GO classifications of assembled unigenes, having sequence homology with uniprot proteins, assigned to 51 functional groups.

Comparative analysis with available public databases

The assembled unigenes were functionally annotated using BLASTx algorithm against the protein sequences of five public databases: NCBI NR, Prunus persica, Vitis vinifera and Fragaria vesca, and a primitive species, Amborella trichopoda, with an E-value cut-off of 10−5. The number and percentage of annotated unigenes of A. squmosa genotypes are given in Table 2. Of the 14921 (Sitaphal) and 14178 (NMK-1) unigenes, 10333 (69.25%) and 11676 (82.35%), respectively, showed significant similarity to NCBI NR protein database (Additional file 4). Furthermore, 60.33% to 61.57% (Sitaphal) and 77.32% to 78.47% (NMK-1) of the unigenes showed significant homology with the four plant species (Table 2). We obtained 1928 (12.92%) and 2825 (19.92%) unigenes with more than 90% subject coverage, suggesting quasi-full length genes in Sitaphal and NMK-1, respectively. However, 4588 (Sitaphal) and 2502 (NMK-1) unigenes did not match with any known protein in the NR database. These un-assigned transcripts may be novel genes or belong to untranslated regions, and could play specific roles in A. squamosa. The unigene sequence information would be useful as a reference for molecular biology research on A. squamosa and its related species.

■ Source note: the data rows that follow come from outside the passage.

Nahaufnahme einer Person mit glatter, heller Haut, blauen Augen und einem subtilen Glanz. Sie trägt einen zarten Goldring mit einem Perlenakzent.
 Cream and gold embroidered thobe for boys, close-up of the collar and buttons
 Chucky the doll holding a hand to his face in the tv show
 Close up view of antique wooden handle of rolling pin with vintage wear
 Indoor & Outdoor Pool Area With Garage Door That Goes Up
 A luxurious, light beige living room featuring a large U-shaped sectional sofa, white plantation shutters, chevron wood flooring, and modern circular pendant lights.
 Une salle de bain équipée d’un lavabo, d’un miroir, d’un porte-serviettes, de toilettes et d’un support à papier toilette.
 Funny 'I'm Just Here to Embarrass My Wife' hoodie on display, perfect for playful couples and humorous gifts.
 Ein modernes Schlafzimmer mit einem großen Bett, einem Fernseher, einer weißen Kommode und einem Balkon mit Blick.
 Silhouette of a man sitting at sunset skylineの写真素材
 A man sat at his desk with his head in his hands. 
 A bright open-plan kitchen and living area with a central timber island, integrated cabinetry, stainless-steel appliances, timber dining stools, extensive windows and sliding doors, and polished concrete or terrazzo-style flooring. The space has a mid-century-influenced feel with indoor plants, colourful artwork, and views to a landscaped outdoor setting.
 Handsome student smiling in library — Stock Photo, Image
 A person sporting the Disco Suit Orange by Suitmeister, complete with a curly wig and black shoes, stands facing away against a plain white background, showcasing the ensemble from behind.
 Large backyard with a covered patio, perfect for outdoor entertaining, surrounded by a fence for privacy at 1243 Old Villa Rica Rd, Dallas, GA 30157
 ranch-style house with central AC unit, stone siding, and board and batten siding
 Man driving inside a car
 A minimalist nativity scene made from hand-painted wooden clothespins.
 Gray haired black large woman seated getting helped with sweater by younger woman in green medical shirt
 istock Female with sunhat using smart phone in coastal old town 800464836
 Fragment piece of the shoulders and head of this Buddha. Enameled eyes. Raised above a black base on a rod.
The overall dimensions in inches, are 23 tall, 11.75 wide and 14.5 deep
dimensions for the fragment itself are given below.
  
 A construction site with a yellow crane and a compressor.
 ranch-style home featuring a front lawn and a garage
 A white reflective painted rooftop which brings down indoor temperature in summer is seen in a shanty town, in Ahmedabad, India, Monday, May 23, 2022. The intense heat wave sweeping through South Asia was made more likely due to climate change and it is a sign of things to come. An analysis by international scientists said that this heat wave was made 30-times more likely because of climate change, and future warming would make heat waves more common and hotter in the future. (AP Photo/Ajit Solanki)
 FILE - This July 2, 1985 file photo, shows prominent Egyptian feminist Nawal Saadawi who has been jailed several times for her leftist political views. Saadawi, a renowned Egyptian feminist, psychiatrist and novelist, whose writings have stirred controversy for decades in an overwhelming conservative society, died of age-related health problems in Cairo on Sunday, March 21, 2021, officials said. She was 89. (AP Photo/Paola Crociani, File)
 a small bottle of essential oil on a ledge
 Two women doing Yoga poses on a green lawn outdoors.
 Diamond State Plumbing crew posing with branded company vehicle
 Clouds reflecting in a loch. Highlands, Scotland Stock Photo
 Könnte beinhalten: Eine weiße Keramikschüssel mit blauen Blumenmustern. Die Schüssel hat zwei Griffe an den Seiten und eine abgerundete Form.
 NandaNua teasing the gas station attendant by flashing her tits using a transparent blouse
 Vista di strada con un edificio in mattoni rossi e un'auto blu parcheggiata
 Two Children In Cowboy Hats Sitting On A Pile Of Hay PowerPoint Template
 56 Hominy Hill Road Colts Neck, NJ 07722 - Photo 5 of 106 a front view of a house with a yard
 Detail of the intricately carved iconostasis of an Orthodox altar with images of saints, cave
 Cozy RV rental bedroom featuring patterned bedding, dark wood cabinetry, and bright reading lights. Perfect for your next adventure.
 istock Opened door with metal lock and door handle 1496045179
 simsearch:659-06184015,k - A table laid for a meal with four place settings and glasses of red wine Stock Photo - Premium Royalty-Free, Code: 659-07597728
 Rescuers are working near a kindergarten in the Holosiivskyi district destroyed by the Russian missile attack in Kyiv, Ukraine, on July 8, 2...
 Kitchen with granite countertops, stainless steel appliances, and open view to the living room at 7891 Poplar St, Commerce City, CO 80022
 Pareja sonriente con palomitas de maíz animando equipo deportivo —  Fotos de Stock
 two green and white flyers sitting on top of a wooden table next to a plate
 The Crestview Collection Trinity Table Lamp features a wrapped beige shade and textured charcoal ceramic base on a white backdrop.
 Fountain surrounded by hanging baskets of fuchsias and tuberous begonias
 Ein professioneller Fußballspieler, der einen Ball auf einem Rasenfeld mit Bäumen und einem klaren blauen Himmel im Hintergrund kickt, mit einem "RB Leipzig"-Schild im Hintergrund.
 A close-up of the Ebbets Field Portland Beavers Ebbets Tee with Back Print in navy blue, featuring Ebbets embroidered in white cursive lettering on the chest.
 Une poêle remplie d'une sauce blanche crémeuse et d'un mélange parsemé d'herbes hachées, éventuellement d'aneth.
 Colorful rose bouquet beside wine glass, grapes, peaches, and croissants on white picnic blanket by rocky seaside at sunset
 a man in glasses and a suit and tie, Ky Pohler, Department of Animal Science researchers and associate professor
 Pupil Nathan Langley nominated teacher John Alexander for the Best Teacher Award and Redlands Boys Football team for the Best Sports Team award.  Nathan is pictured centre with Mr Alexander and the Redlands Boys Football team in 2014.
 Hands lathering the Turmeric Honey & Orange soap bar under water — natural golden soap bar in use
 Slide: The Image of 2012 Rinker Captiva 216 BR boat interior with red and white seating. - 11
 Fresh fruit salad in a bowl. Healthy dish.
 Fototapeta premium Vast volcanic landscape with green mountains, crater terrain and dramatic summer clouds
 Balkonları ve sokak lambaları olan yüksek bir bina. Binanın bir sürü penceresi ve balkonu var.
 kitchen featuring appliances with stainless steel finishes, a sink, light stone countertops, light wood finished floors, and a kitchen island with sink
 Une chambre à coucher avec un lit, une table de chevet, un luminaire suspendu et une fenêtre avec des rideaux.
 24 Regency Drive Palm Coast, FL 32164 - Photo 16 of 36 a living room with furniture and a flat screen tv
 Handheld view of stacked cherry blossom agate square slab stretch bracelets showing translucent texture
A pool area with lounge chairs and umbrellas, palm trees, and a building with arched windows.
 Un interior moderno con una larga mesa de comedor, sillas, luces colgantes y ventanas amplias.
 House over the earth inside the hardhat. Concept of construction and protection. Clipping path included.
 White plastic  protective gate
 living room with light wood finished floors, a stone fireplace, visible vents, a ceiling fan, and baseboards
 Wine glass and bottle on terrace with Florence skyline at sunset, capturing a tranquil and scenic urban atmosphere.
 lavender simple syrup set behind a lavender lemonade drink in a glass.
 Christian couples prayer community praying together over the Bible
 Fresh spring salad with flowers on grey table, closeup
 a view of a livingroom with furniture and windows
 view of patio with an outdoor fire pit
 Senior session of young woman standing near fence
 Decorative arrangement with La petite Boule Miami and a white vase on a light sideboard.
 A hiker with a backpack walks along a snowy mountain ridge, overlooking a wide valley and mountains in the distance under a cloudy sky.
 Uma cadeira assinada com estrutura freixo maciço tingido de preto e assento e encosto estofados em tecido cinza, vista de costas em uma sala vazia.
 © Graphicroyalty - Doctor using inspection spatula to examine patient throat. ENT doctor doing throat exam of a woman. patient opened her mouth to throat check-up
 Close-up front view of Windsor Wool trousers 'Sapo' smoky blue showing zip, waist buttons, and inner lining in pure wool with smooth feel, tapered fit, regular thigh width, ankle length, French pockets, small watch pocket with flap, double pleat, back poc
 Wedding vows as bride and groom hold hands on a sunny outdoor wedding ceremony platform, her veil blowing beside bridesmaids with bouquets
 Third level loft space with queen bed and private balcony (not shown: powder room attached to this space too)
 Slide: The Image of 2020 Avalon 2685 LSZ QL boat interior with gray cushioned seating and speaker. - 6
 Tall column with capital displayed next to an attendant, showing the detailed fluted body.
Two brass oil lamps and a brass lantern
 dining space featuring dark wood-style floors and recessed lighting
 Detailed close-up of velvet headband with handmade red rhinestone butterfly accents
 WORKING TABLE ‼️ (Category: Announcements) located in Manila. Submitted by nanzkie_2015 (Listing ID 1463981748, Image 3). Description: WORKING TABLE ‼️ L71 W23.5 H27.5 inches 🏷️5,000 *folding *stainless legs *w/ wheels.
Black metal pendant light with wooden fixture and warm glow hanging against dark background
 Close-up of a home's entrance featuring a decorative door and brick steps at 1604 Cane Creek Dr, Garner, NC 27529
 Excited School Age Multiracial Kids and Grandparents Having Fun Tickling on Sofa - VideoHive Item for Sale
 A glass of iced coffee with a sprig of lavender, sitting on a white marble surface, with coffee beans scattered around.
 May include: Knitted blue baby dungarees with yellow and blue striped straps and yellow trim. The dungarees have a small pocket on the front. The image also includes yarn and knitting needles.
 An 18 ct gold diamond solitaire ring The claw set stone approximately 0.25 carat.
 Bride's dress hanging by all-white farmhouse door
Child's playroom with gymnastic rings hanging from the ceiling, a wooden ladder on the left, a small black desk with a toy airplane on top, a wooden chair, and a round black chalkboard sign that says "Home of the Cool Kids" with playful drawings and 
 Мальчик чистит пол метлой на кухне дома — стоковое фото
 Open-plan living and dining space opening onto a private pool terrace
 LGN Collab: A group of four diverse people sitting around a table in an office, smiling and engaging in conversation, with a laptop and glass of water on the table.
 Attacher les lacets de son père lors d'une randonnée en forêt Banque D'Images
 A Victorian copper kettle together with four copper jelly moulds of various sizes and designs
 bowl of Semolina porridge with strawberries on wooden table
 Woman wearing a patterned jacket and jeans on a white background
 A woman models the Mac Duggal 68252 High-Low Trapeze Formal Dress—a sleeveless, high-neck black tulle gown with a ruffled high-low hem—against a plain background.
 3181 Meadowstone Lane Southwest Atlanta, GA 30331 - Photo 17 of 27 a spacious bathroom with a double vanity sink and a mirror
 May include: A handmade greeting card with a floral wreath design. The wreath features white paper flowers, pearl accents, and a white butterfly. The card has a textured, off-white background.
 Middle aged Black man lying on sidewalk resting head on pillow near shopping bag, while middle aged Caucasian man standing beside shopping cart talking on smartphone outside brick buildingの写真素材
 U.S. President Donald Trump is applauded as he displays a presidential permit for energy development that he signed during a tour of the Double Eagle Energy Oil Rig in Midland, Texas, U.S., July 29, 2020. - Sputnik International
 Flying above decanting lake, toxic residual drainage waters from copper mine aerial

Table 2 Number and percentage (in bracket) of unigenes in A . squamosa genotypes (Sitaphal and NMK-1) from BLASTx searches against public protein databases of fruits crop and a closely related genus

Detection of transcript sequences related to hormone pathway, transcription factors and seed development

Fruit development is a complex process and involves numerous physiological and biochemical events which are initiated and regulated by hormonal signals [32]. Plant hormones, such as auxins, gibberellins, cytokinins, abscisic acid, ethylene, and brassinosteroids, play important role in fruit set and development [17,33]. Brassinosteroids are important for early fruit development [34], and the regulation of seed size [35] and number [36]. A total of 148 unigenes encoding putative hormone related genes were identified in A. squamosa (Table 3, Additional file 5), by BLASTx searches against the protein database of hormone pathway genes of A. thaliana.

Table 3 Summary of hormone related unigenes identified in the transcriptome of A . squamosa genotypes (Sitaphal and NMK-1)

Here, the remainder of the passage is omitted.